Un altro esperto che fa parte di questo progetto è Bishara Ebeid, arabo di cittadinanza israeliana a suo agio nel greco come nel siriaco e nell’arabo, sua lingua madre, che contribuirà specialmente al secondo scopo del progetto, indagando l’uso dei florilegi e più in generali la conoscenza dei ‘padri’ greci negli scrittori arabi cristiani fino all’XI secolo. Questi autori, in virtù della lingua in cui scelsero di scrivere, erano maggiormente esposti al confronto interreligioso con l’islam. La loro cultura religiosa tuttavia era siriaca, e si può parlare nel loro caso di una vera e propria letteratura cristiana siro-araba. Non va dimenticato che nella Mesopotamia della fine del I millennio, soprattutto a Baghdad nel X secolo, per un certo periodo i cristiani e i musulmani dibatterono questioni filosofiche e teologiche su un piano di quasi totale parità, spesso in salotti privati o alla corte dei principi che li facevano esibire in dibattiti per diletto; i dibattiti, che si svolgevano in arabo, una volta debitamente rielaborati, venivano spesso trascritti e sono pervenuti fino a noi. Nella Baghdad del X secolo avveniva anche che tra filosofi cristiani e musulmani si creassero catene di discepolato reciproco: filosofi cristiani insegnavano a filosofi arabi e viceversa. Per esempio, uno dei primi grandi filosofi arabo-musulmani, Al Fārābī (morto nel 950-951), fu maestro di un grande filosofo e teologo arabo-cristiano, Yaḥyā ibn ‘Adī (morto nel 974).

La conoscenza di questo sostrato culturale, può aiutare nella comprensione di oggi?

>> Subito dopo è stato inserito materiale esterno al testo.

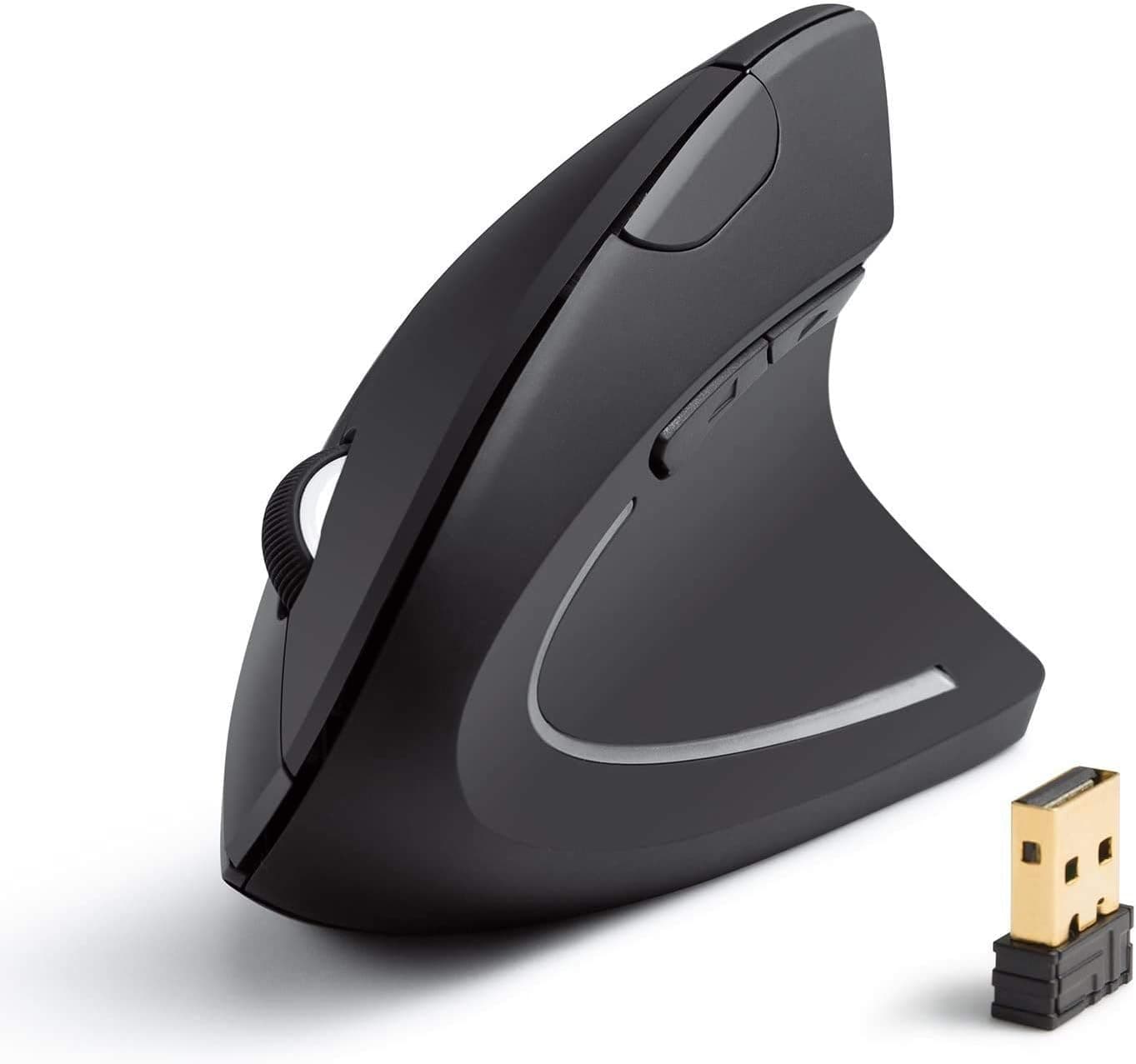 Anker 2.4G Wireless Vertical Ergonomic Optical Mouse for Work, Multi-Device Connectivity, 800/1200 /1600 DPI, 5 Buttons for Laptop, Desktop, PC, MacBook - Black - image 1 of 1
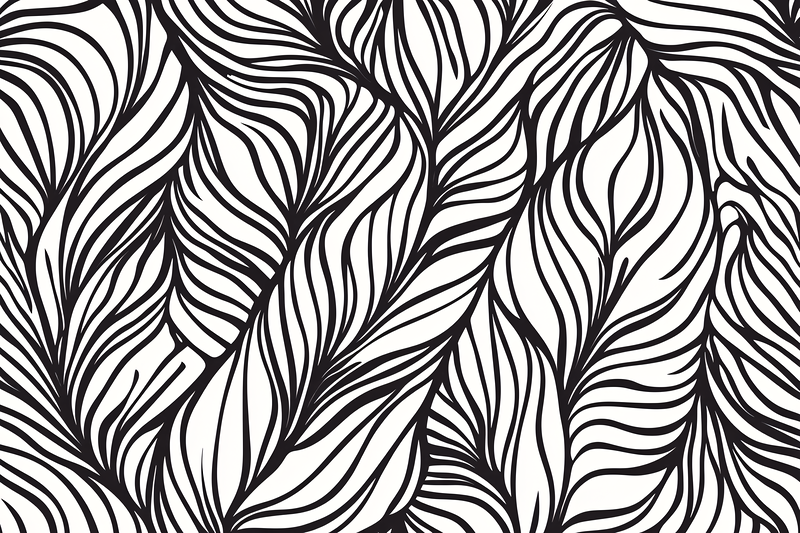 Wavy Feathered Black and White Pattern
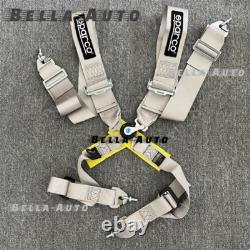 Sparco 4 Point Snap-On 3 Racing Seat Belt Harness Quick release gray Colour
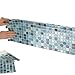 Collections Etc Multi-Colored Adhesive Mosaic Backsplash Tiles for Kitchen and Bathroom - Set of 6, Blue Multi
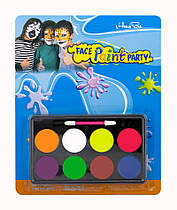 Фарби для обличчя 8 кольорів неонові кольори зі спонжем НВ-800В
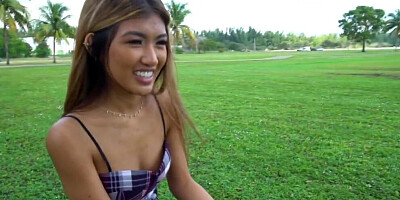 Asian cutie is impaled on a big white cock and fucked hard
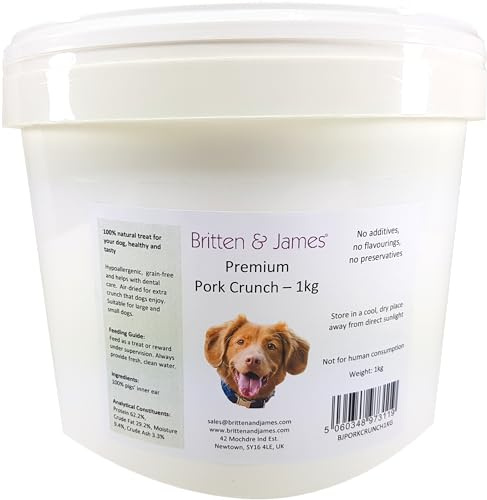Britten & James Pig Inner Ears Pork Crunch for Dogs in a Stay Fresh 3L Tub. 100% Natural Dog Treat and Healthy Snack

È importante capire che alle origini il cristianesimo e l’islam nel Medio Oriente erano due culture religiose certo nettamente distinte ma anche fortemente compenetrate: i musulmani inizialmente apprendono dai cristiani, poi i cristiani cominciano a imparare dai musulmani, vivendo gomito a gomito e parlando la stessa lingua. Gli ebrei, invece, in quel periodo parteciparono al dibattito in posizione più appartata, venendo influenzati dal dibattito cristiano-islamico più che influenzarlo essi stessi. L’apporto maggiore che una ricerca come la nostra può portare alla comprensione del nostro presente è un notevole incremento di coscienza storica. Studiare la storia intellettuale di un cristianesimo che fu il primo a dover fronteggiare l’islam e a doversi attrezzare culturalmente per questo confronto, vuole dire rendersi conto di come il Medio Oriente sia stato il luogo di una pluralità culturale e religiosa che oggi è poco o nulla percepita e, pur resistendo in parte, è in effetti minacciata, poiché gli estremisti islamici vogliono eliminarla, puntando a una antistorica omogeneizzazione del territorio. In Iraq, una delle culle della cultura siriaca, il cristianesimo, che è appunto di radice siriaca, è ormai sul punto di scomparire Si tratta di un grave impoverimento storico-culturale ancor prima che religioso. Inoltre, questa ricerca ci mette a disposizione, come mi è già capitato di dire, uno ‘specchio lontano’: nel momento in cui la presenza dell’islam in Europa diventa sempre più importante, è senz’altro istruttivo studiare le strategie intellettuali messe in opera nel confronto con l’islam da un mondo religioso, quello siriaco, che pur essendo lontano ha molto in comune con la nostra eredità culturale.